Platform-dependent library method summaries for the JDK and third-party libraries
Library functions can be characterized by their functional behavior, such as pre- and postconditions, and non-functional behavior, such as performance in terms of time and memory usage. The functional behavior of library functions is usually specified by their API documentation and is (ideally) stable across different versions of a library. The non-functional behavior must be inferred from the actual implementation of the library, and may vary widely across different versions of a library.

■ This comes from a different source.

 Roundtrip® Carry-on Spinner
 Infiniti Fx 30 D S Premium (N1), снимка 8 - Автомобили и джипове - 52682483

To accomodate both api and implementation-dependent characteristics of library functions we provide three sets of summaries:
- api: these summaries are based on the API documentation (if available) and contain pre- and postconditions, taint transfer relations, side effects, exceptions thrown (as documented), string sinks, and resource sinks. Only one set of api summaries is provided per library;
- profiled: these summaries contain CPU time cost relations obtained via dynamic analysis, that is, direct profiling of the methods in various contexts. A separate set of summaries is provided for each version of a library;
- supplement: these summaries contain supplemental information obtained by CodeHawk static analysis of the particular version of the library, including CPU time cost based on cost model analysis, but potentially also more precise taint transfer information based on private fields not exposed in the API documentation. A separate set of summaries is provided for each version of a library.
Python scripts are provided to generate templates for these three sets of summaries and to integrate them into a summaries that combine the information, giving preference to information obtained from dynamic analysis over information obtained from static analysis, if both are available.

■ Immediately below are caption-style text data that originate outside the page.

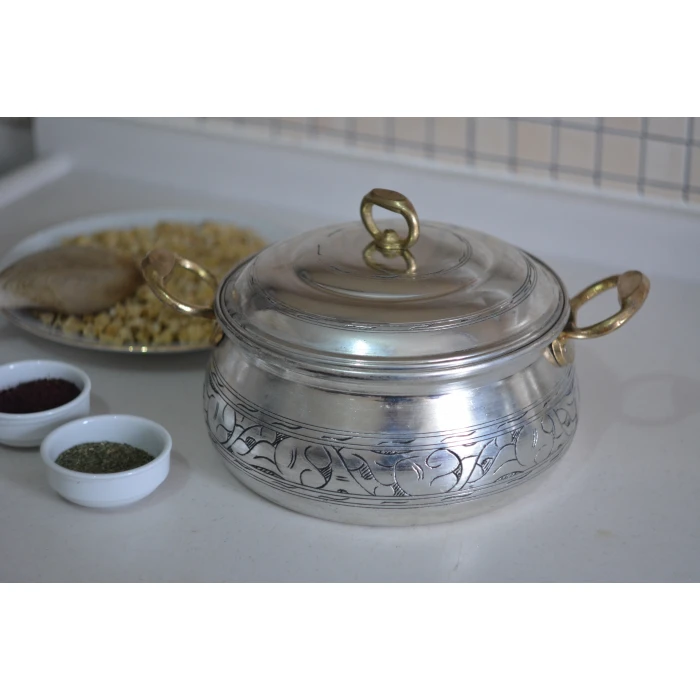 BAKIR TENCERE GÜVEÇ MODEL OYMA NAKIŞ İŞLEME 19 CM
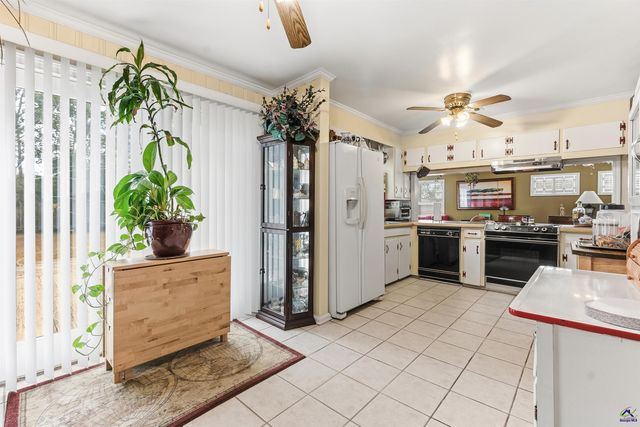 614 Hillcrest Avenue, Perry, GA 31069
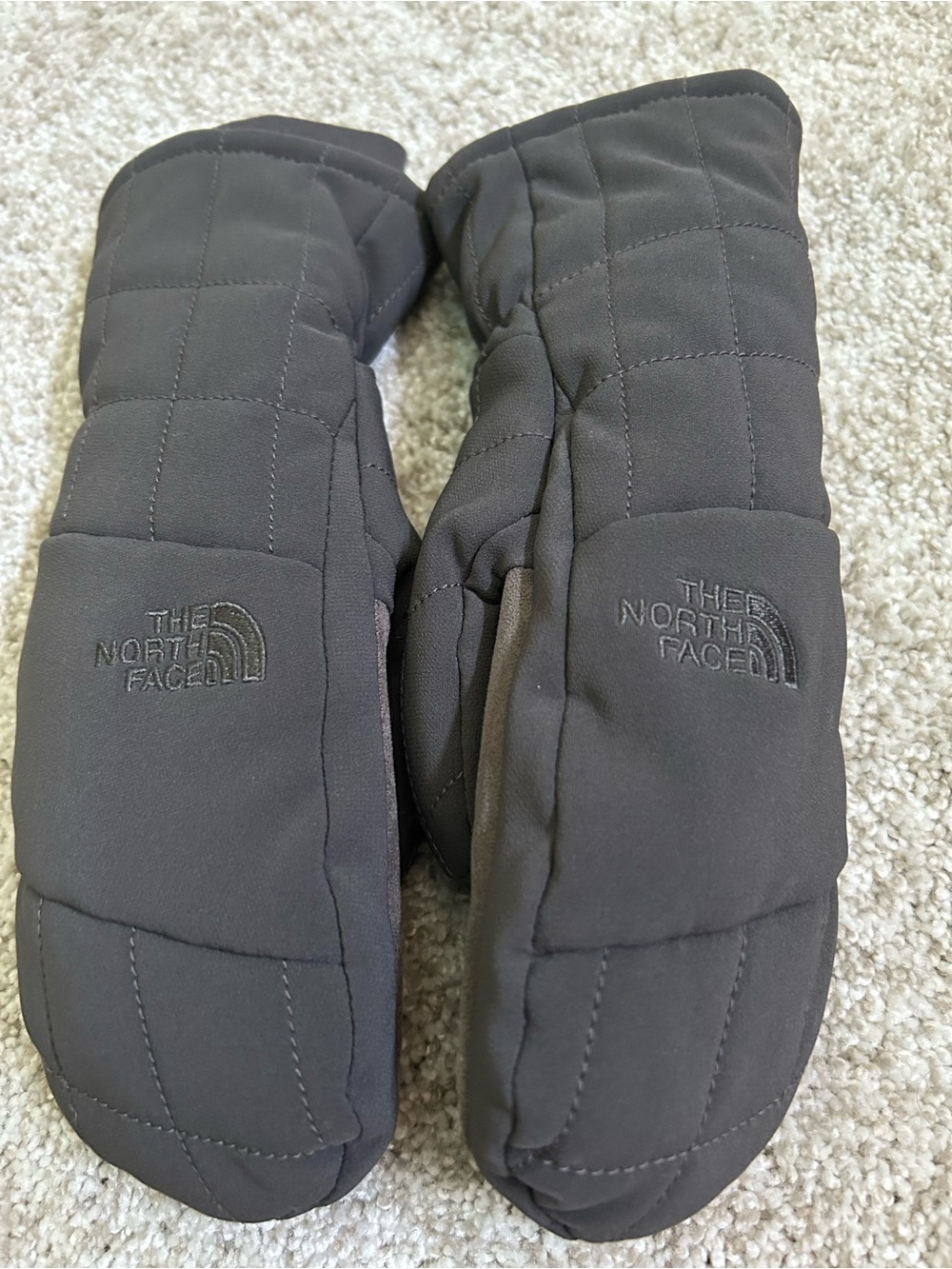 The North Face Black Quilted Mittens with Logo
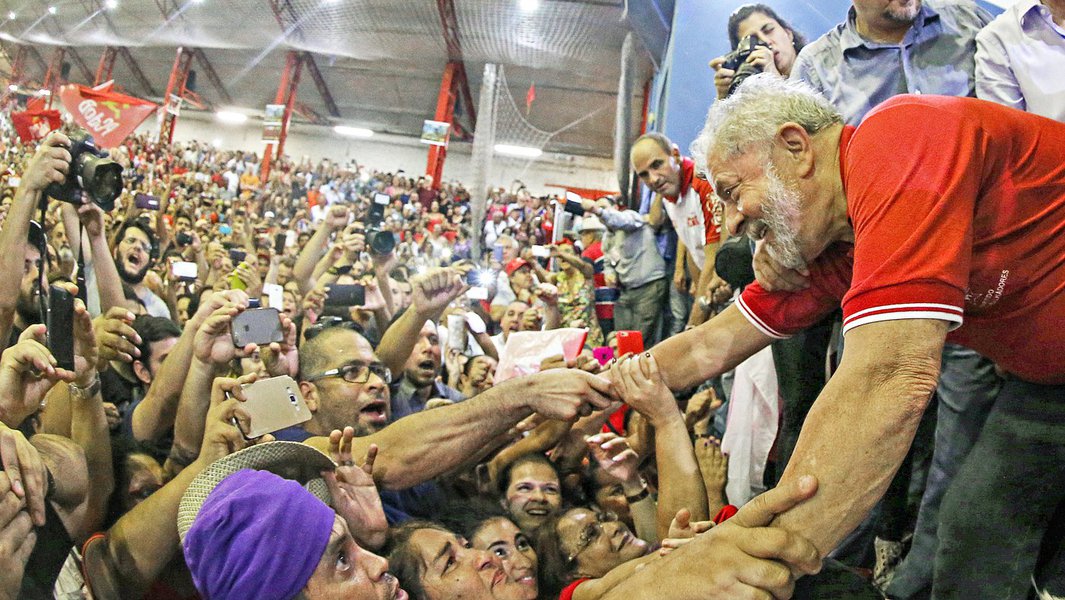"O futuro do Brasil depende do que aconteça com o ex-presidente Lula. Ou a direita o exclui da vida política, pela repressão física e jurídica e faz o que bem entende do país, de novo. Ou o Lula supera tudo isso e se elege de novo presidente do Brasil e retoma o caminho do melhor governo que o país já teve"; análise é do colunista do 247 Emir Sader, que classifica a investigação contra Lula como "golpe branco"; "O pretexto de combate à corrupção é uma farsa, dado que os tucanos são totalmente preservados. Trata-se de uma operação política contra o Lula", afirma; Sader faz um alerta às forças progressistas no ápice da caçada ao ex-presidente; "É a hora decisiva do Brasil. Seu futuro se decide agora. No destino do Lula se decide o futuro do país"
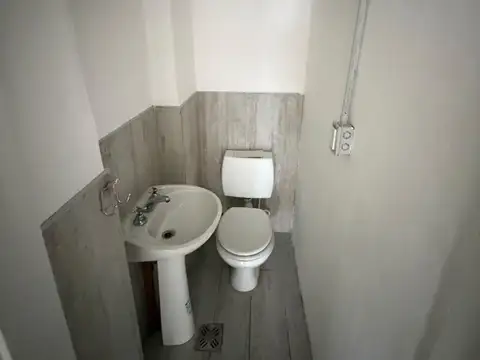 Alquilo Local Comercial Jose Luis Tejeda 4238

This repository is organized as follows:
The bin directory holds the CodeHawk executables called by the scripts to generate summary temlates, integrate the api, profiled, and supplement version into a combined summary, and to inspect the resulting library-summary jar for inconsistencies. The source code for these executables is in the codehawk repository.
The lib-api directory holds api-summaries for third party libraries, such as the apache libraries. Currently 26 libraries are provided covering 441 classes. Jdk-api summaries are included with the CodeHawk Java Analyzer source code in the codehawk repository (currently covering close to 1000 classes and 10,000 methods).
The lib-reference directory holds the different versions of the library jars (with class files) that have been (partially) summarized. These jars are the basis for generating the summary templates, performing the profiling, and statically computing cost models for the supplemental summaries.
The platforms directory is intended to hold different combinations of machines (JVM) and JDK's. At this point we include only platform, the reference machine used in the DARPA STAC program with OpenJDK 8 version 121 installed.
The information for each platform is organized as follows:
- export: summary jars with integrated (api+profiled+supplement) summaries for each version of a library. These jars can be directly imported in the CodeHawk Java Analyzer.
- jdk-reference: class file jars associated with the platform (typically, rt.jar, jsse.jar, jce.jar)
- jdk-summaries: profiled and supplement summaries for the platform JDK
- lib-summaries: profiled and supplement summaries for third-party libraries running on this platform
Java code infrastructure to perform profiling.
Python scripts to generate, integrate, and inspect jdk and library summaries.